***** Data block *****
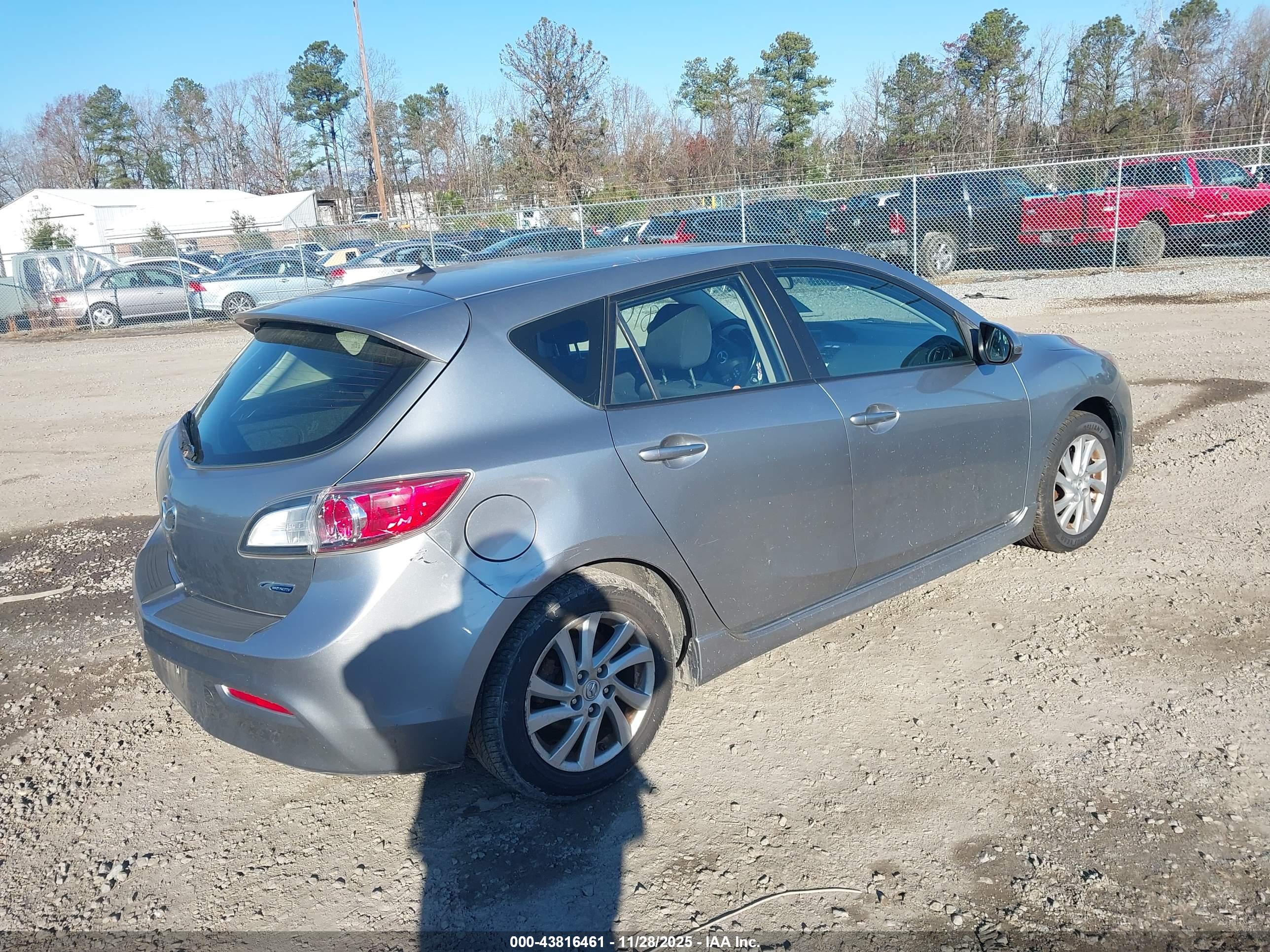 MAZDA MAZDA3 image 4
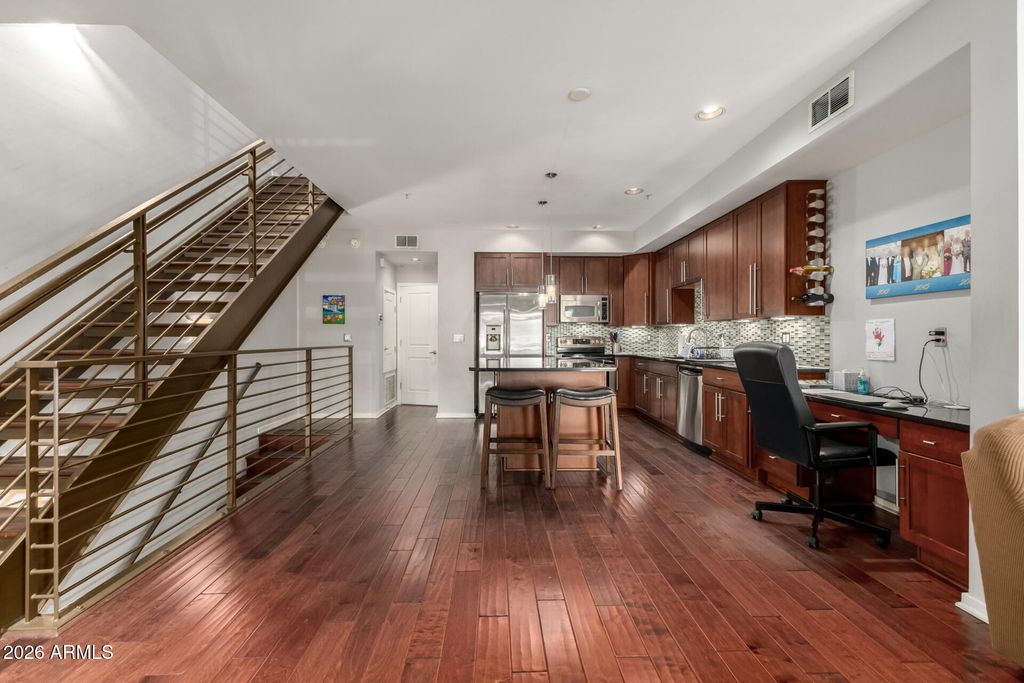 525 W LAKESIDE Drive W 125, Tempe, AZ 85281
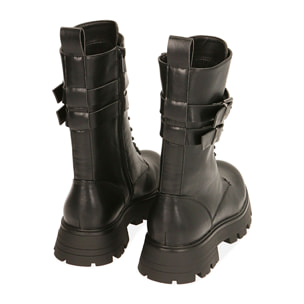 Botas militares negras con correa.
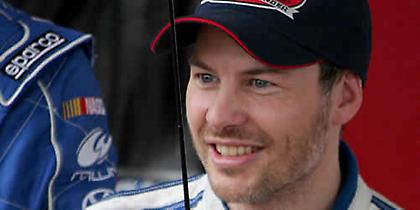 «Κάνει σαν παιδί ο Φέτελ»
*****
→ **Task requirements**
Your answer must be the full listing, word for word, minus any images.

→ **Solution for this problem**
 MAZDA MAZDA3 image 4
 525 W LAKESIDE Drive W 125, Tempe, AZ 85281
 Botas militares negras con correa.
 «Κάνει σαν παιδί ο Φέτελ»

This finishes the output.